■ Recorded information ■
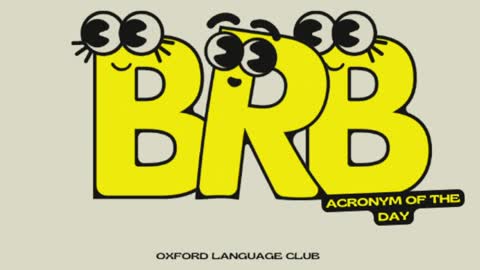 angy online show from April 2, 1:51 pm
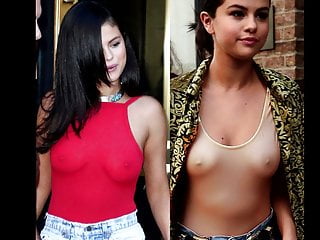 Selena Gomez Ultimate Jerk Off Challange free video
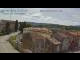 Webcam in Tezze di Arzignano, 36.4 km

■ Work item ■
Keep every word of the lines above unchanged in the copy, and omit the pictures.

■ Answer to this task ■
 angy online show from April 2, 1:51 pm
 Selena Gomez Ultimate Jerk Off Challange free video
 Webcam in Tezze di Arzignano, 36.4 km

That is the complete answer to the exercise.